Intensity. This is an interesting point. I often observe people working out when I'm with clients in my gym. I can honestly say the vast majority of trainees simply don't work hard enough. Forget the reps and sets debate. The reps you're doing are nothing less than inadequate to be polite. When I said that training stimulates muscle growth, it does, provided you actually do enough to stimulate it. Our muscles adapt to stressful situations, which means forcing it to do something it's not used to doing. We walk around all day. So, by doing more walking would that mean you can run a marathon? No. So why would lifting weights until you don't feel like doing anymore mean you automatically get bigger muscles? It doesn't. You need to make them go to failure and beyond. This releases a cascade of anabolic hormones that signal for growth to start. No stress, no growth.

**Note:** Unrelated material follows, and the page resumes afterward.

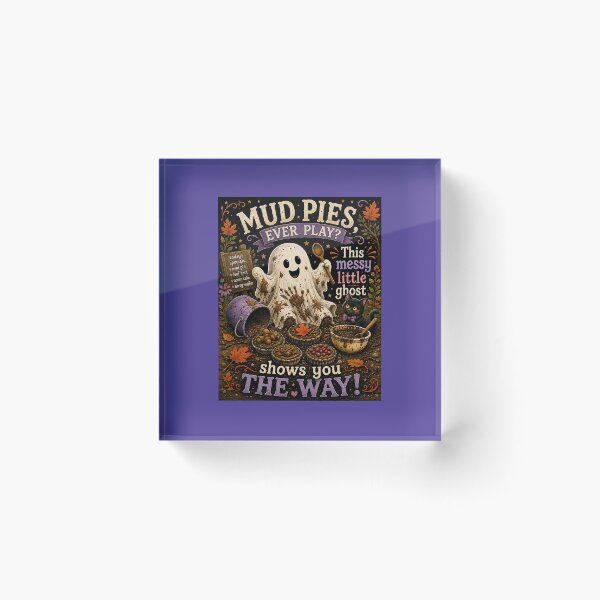 Item preview, Mud Pies, Ever Play? — Messy Little Ghost designed and sold by Novel Works Studio.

To tie this all together we have; optimal eating, rest, training, intensity and, frequency. All that's left are the sets and reps. Honestly, I don't think it really matters. This was my first point. There are so many different opinions or 'perfect workouts' that they all have a degree of efficacy. It is more important to pick a strategy and stick with it for 3-6 months to see if you get an improvement. If not then change it. Some people respond well to lower reps; heavier weights. Some people prefer higher reps. Some people love multiple sets with minimal rest periods, some people like advanced beyond failure sets. This is why it takes so long. You must find what works for you. Not just physically, but for long term adherence.

My take home message is, nail your food, training, and rest so that you're consistently doing it without fail. When you've mastered that then worry about sets and reps. Through trial and error find a plan that fits your recovery and stimulation needs, and, make sure it is progressive. You will then be able to maximise your muscle mass potential.